> [What to do]:
From the top of the entries below through the line containing "Bezdrôtová klávesnica Logitech", return every line exactly as written, please, and stop there.

> [Exercise material]:

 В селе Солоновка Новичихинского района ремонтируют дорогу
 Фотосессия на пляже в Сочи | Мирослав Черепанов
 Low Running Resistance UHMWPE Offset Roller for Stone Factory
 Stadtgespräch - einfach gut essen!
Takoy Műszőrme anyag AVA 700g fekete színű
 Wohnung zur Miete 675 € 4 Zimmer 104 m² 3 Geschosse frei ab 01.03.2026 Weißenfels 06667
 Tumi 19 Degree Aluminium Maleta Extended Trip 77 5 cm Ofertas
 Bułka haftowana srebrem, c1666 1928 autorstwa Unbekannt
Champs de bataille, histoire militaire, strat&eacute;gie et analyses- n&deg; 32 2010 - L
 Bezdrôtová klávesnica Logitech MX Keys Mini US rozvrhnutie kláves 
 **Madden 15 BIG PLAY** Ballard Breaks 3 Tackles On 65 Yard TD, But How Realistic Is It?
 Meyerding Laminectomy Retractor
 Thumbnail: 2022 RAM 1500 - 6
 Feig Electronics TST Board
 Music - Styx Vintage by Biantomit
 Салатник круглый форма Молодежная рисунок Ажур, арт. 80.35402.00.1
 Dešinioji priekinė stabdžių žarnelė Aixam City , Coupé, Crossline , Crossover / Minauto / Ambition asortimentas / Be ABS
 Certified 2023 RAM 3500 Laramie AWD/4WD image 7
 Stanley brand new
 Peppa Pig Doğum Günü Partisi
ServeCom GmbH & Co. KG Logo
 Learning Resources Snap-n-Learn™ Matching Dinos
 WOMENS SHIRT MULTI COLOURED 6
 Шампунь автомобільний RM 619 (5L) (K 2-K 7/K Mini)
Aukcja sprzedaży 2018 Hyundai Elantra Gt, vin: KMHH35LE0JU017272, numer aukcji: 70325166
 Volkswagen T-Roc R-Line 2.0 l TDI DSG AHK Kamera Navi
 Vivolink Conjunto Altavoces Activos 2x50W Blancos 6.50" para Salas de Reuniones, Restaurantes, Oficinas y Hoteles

> [Solution for this task]:
 В селе Солоновка Новичихинского района ремонтируют дорогу
 Фотосессия на пляже в Сочи | Мирослав Черепанов
 Low Running Resistance UHMWPE Offset Roller for Stone Factory
 Stadtgespräch - einfach gut essen!
Takoy Műszőrme anyag AVA 700g fekete színű
 Wohnung zur Miete 675 € 4 Zimmer 104 m² 3 Geschosse frei ab 01.03.2026 Weißenfels 06667
 Tumi 19 Degree Aluminium Maleta Extended Trip 77 5 cm Ofertas
 Bułka haftowana srebrem, c1666 1928 autorstwa Unbekannt
Champs de bataille, histoire militaire, strat&eacute;gie et analyses- n&deg; 32 2010 - L
 Bezdrôtová klávesnica Logitech MX Keys Mini US rozvrhnutie kláves 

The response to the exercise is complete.